The anime industry is a pretty rigid one. It takes time for talent to surface, people never start off by directing a movie of their own. Even major talents like Mamoru Oshii started their careers inbetweening children's cartoons. It's the way the industry works, and there's very little room for change. Yet there are some people who are talented enough to break right through these traditions.
Makoto Shinkai is one of those people. When Hoshi no Koe was released, many heads turned. Being only his second short film (and his first lengthy one), Shinkai directed a movie that not only had a unique visual style and was technically impressive, he did it all by himself. Without the help of any major studio or other animators, without prior experience in the industry, he created a 30 minute animated short film that equaled and surpassed many other professional efforts. No matter how rigid an industry is, this gets you noticed.
With Hoshi no Koe, Shinkai put his name out there. While not all the work was done by himself (his wife and a couple of friends did the original dubbing), the bulk of the work was all his doing. Though he directed a short film before, with Hoshi no Koe he defined his personal style and developed an atmosphere he could call his own, crafting it to further perfection in his later films.
The film is now 4 years old, yet it still looks lush. It's not the prettiest anime out there, not by far. The cgi looks pretty standard and the characters designs aren't really that good, but Shinkai knew perfectly well how to mask his shortcomings. By using strong, vibrant yet dreamy colors, applying a smart mix of 2d and 3d artwork and getting some good camera action he was able to fill each frame with a lavish setting that easily overshadowed the lesser points of his work.
This visual identity has always defined Shinkai in a way. While his movies always radiate a certain grandeur, it's always in function of small, romantic elements.

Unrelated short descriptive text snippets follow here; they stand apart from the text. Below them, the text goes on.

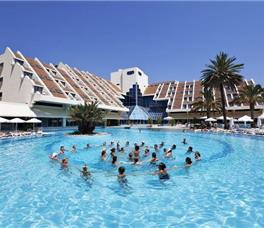 Queen's Park Resort Goynuk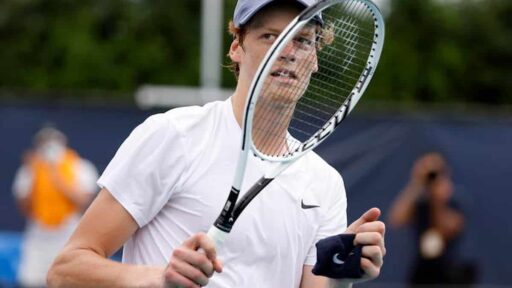 Impresa storica di Sinner, vince gli Australian Open in 5 set, battuto il russo Medvedev in una finale sofferta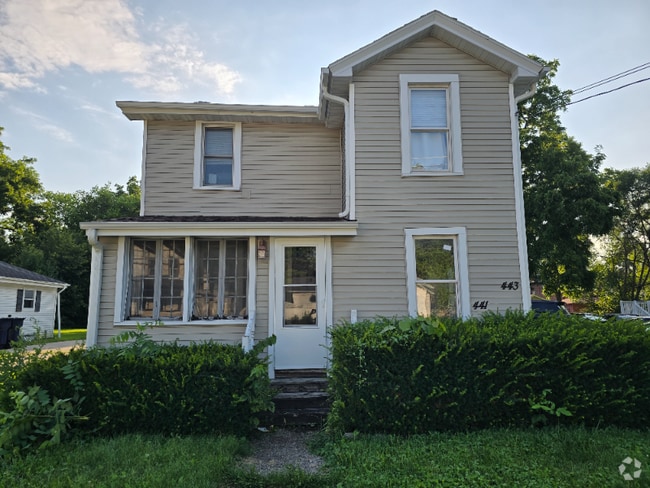 Building Photo - 441 N Pearl St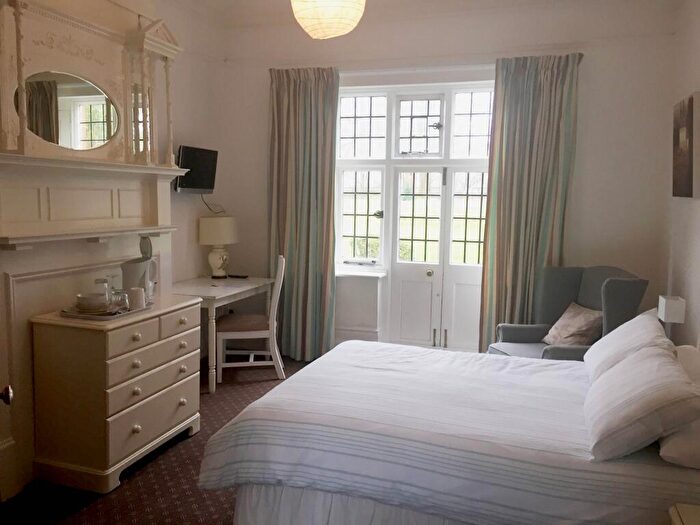 Studio To Rent In Hunts Lane, Taplow, Maidenhead, SL6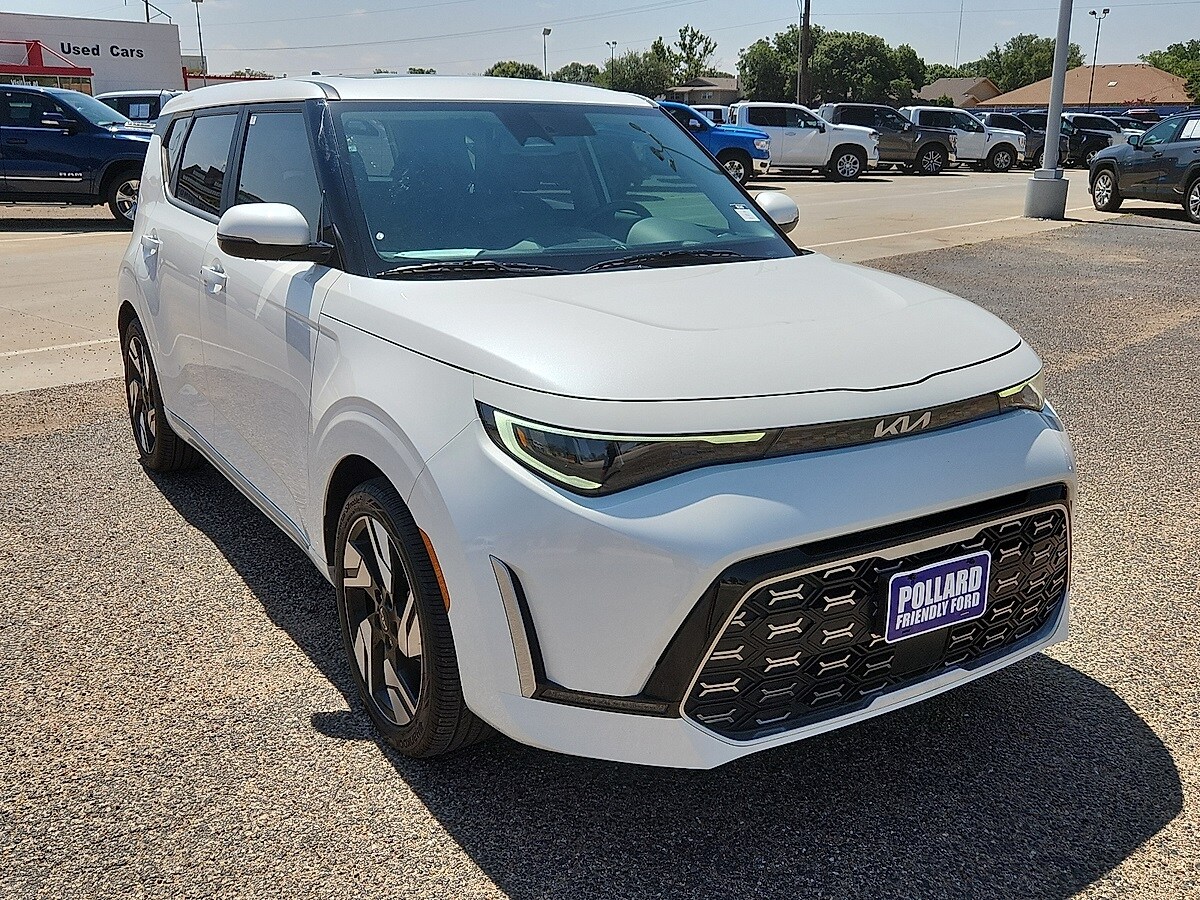 2023 Kia Soul GT-Line photo 4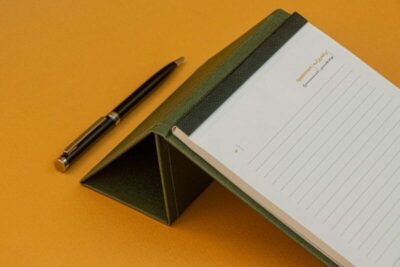 دفترچه یادداشت و زیردستی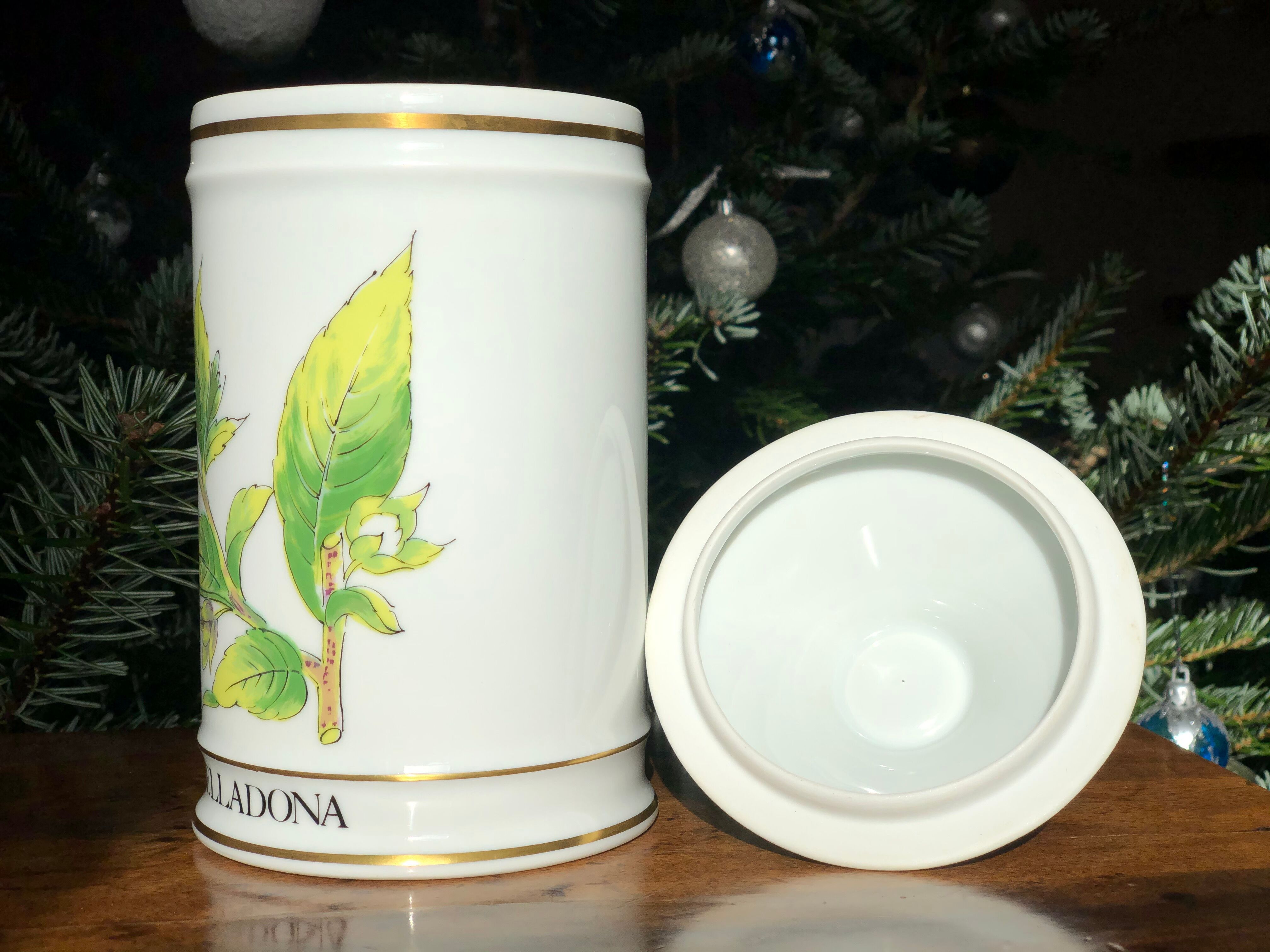 Pharmacy pot "Atropa belladona"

He has always focused on the smaller things in life, voicing his admiration of them through his characters. The setting of Hoshi no Koe also reflects this. While in the background there's space travel and mecha fighting, the film is really about two people being separated by time and space, pondering about their time together. Thinking back of walks in the rain and spring mornings, seeing the cherry blossoms fall. That's Shinkai.
These conflicting elements never get into the way of each other, although a better focus might have improved the film a bit. Something Shinkai himself picked up along the way of his further career. The storyline functions as a mere setup, leaving all details and further explanations to a bare minimum. This makes the short a tad hard to follow, but in the end the atmosphere really benefits from this choice. The focus is kept on the theme of the film, instead of delving into a cliché setting not really worth exploring anyway.
Hoshi no Koe really is a landmark movie. Not only because it was the first good example of how increased processor power combined with a creative and persistent mind could penetrate a rigid industry, but also because it set the bar for Shinkai's individual style, which would only improve along the way. Not many people followed in his footsteps (although there are some examples, ranking them immediately among the best anime directors out there), indicating his rare talent.
With all circumstantial arguments out of the way, Hoshi no Koe remains above all a sweet, touching little short set to a rather violent and typical anime background. His later efforts would put both elements in better balance, but the effect is already here, and the short still stands proud 4 years later.